Posted on February 7, 2019
Community Solar Developers Get Creative to Finance Big Projects
“It’s a simple, but powerful model.” https://t.co/dqiVaYbsDl
— Next City (@NextCityOrg) February 7, 2019
New York City’s Economic Development Corporation had put out a call for proposals to redevelop the historic Sunset Park shipping terminal, and Solar One and the New York City Environmental Justice Alliance got involved. “They wanted to make sure that anything that was done around the Brooklyn Army Terminal was supportive of that community that’s been fighting and the original members of that community,” said Shakoor Aljuwani who works with the group on its New York City projects.
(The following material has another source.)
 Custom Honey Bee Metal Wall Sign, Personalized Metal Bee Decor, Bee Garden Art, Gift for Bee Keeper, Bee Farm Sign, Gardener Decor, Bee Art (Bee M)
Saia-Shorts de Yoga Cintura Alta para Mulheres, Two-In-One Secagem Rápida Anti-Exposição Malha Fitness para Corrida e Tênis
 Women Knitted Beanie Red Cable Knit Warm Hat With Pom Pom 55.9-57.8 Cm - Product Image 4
And while the terminal’s space offered an ideal location for installing a solar array, paying for these kinds of projects often presents a conundrum. Timothy DenHerder-Thomas of Minnesota-based Cooperative Energy Futures says that financing solar projects in a way that is “tailored toward community benefit and local control” is an open question. “I think that is a really big part of the problem that needs to be addressed for these things to grow and flourish,” he told Next City.
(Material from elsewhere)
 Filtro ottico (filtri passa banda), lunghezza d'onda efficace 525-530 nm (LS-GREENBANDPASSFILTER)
Part of the training with community leaders includes learning about different kinds of solar panels and systems, installation, financing, and legal work “so that leaders can make informed decisions about every step of the process.” This, Aljuwani says, means that communities develop more than just solar power. “We think, from our experience, we’ll see those organizations get even stronger and develop community leaders that are even more powerful at being able to make sure their communities are empowered and can make decisions about their communities’ health. So, we’re excited about that.”